Research counters ‘myth’ that country cannot rely on wind, solar and other renewable sources
Common Dreams, April 23, 2013
If the US ceases to burn coal and ratchets down both nuclear and natural gas usage, the resulting reliance on wind, solar and other renewables “could meet or exceed demand in 99.4 percent of hours” by 2050, according to a recent report (pdf) by Synapse Energy Economics for the nonprofit think tank Civil Society Institute (CSI).
“Put simply, the message is this: It is a myth to say the United States cannot rely on renewables for the bulk of electricity generation,’’ said report co-author Thomas Vitolo.
Undertaken to counter questions raised about the impact of large-scale wind and solar integration on electric system reliability, the research also found regional loads being met “without imports from other regions and without turning to reserve storage,” and surplus power for export in 8.6 percent of all hours, “providing an ample safety net where needed from one region of the U.S. to the next.”

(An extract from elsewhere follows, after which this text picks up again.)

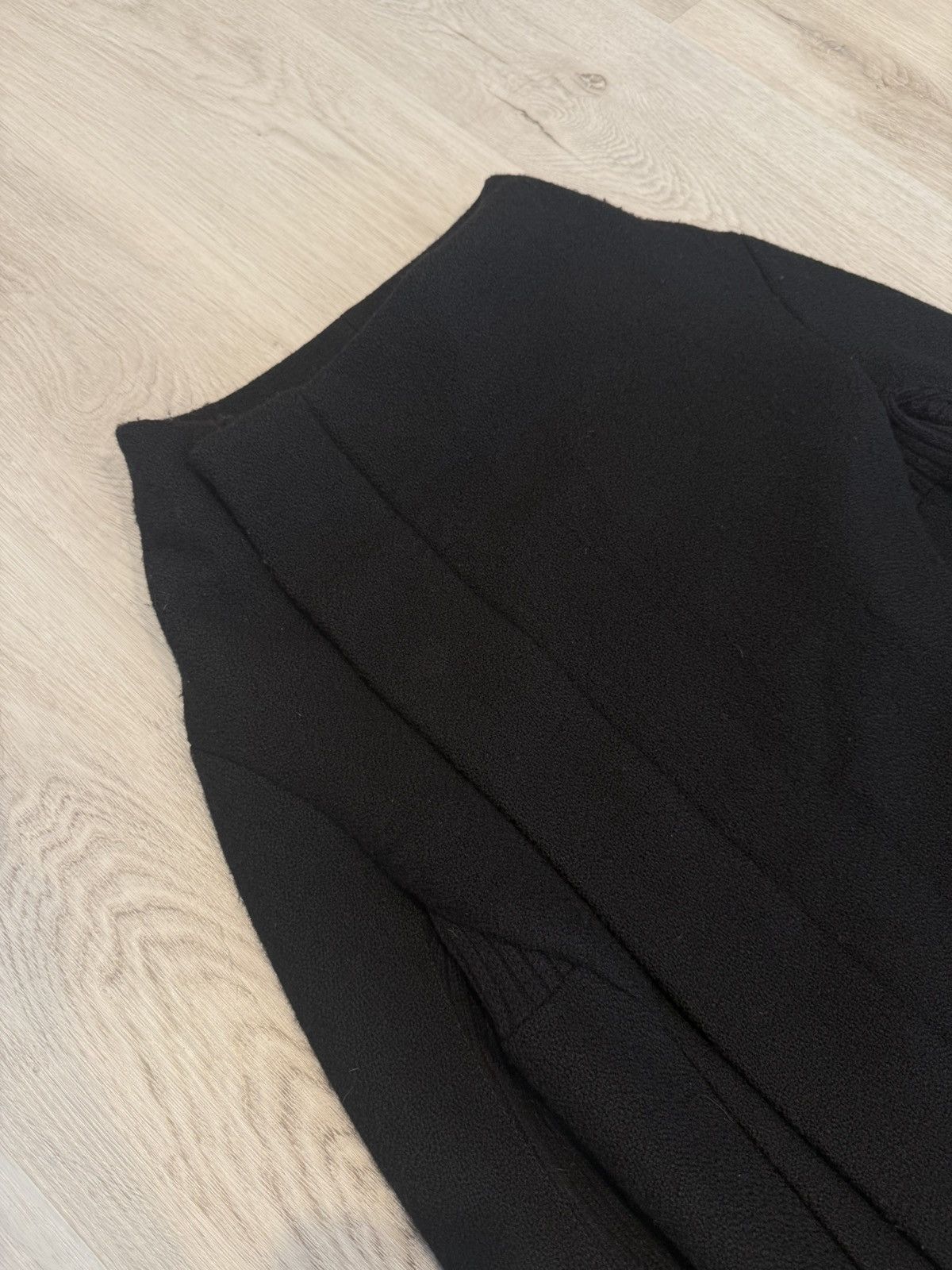 Rick Owens runway f/w 2011 wool silk blend long coat!! Size US S / EU 44-46 / 1 - 3 Thumbnail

The report assumes a “transition scenario” (based on a 2011 report also by Synapse) in which the US eliminates coal usage and reduces dependency on natural gas and nuclear power, moving instead toward a power system based on energy efficiency and renewable energy.

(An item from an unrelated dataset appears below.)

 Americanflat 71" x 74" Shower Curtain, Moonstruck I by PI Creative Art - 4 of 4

Based on these “projected mixes” of existing technology and operational practices, the grid is capable of balancing projected load “for each region, in nearly every hour of every season of the year” demonstrating—the report asserts— that the “strategies to address one of the most pressing challenges faced by our species and our planet are already not only achievable, but cost effective.’’

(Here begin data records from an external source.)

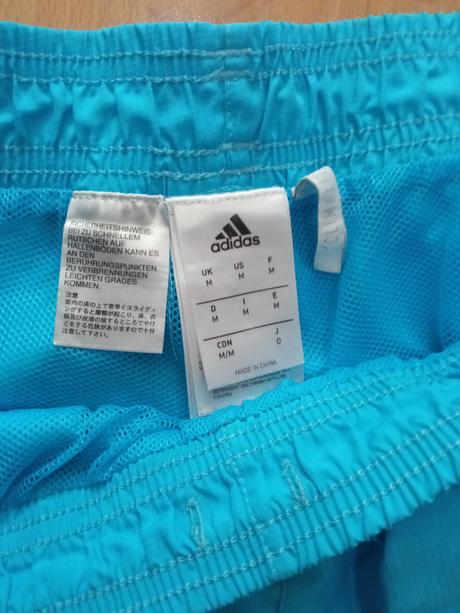 Šuštakove tepláky, adidas,m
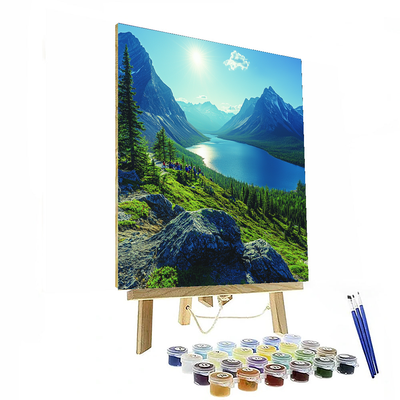 The Icefields Parkway Paint By Numbers Kits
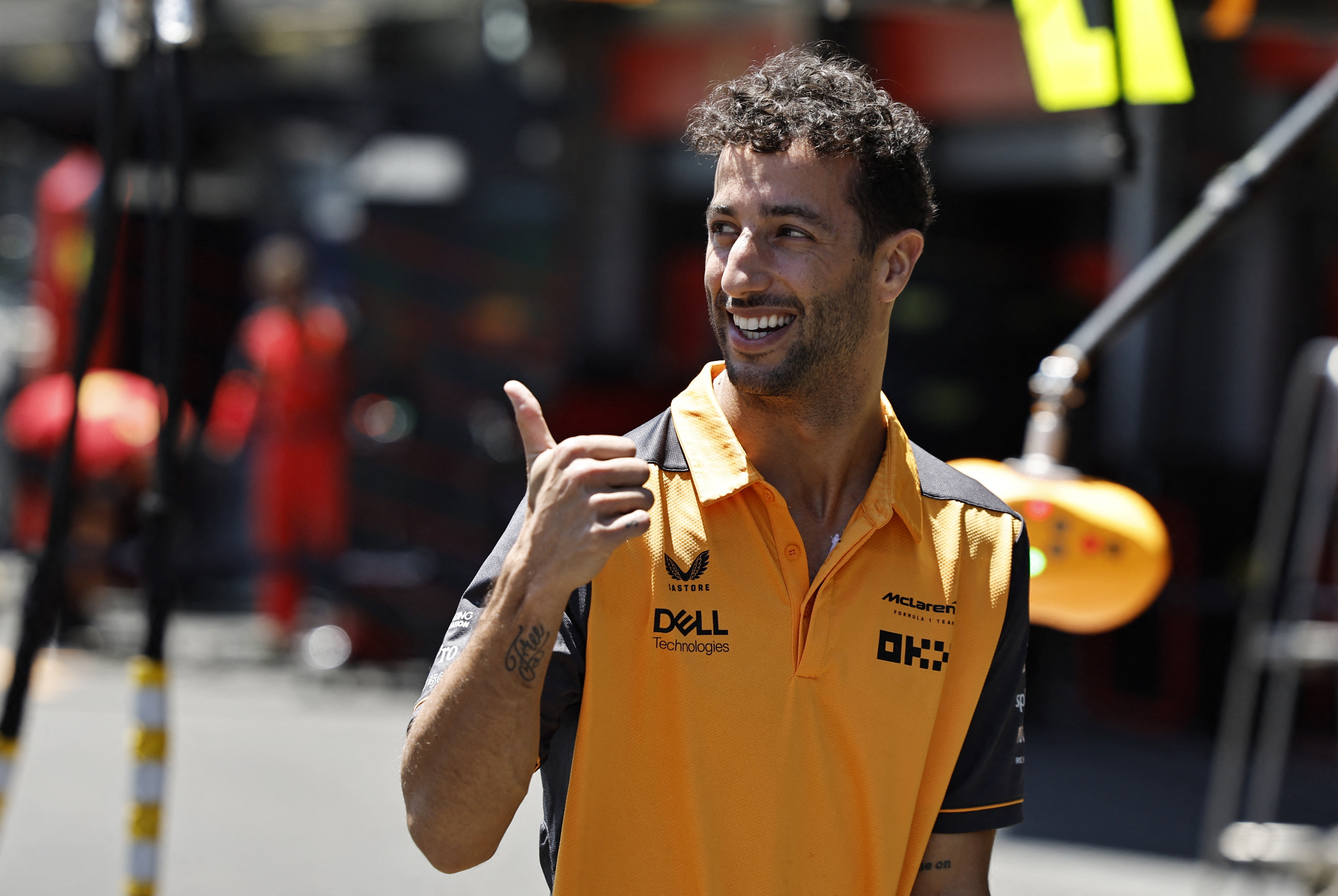 McLaren'de Daniel Ricciardo dnemi sona eriyor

“This study shows that the U.S. electricity grid could integrate and balance many times the current level of renewables with no additional reliability issues,” said Civil Society senior energy analyst, Grant Smith. “In contrast, the alternative—continuing to rely on increasing combustion of fossil fuels to generate electricity, and producing ever-increasing levels of greenhouse gases—is far less feasible, and presents much more daunting technical, economic, and social challenges to human and environmental welfare.”
Though the research is US-specific, solar industry site Solar Server reports the findings are supported by data from European grid operators, where in 2011 renewables supplied 41% of Denmark’s electricity.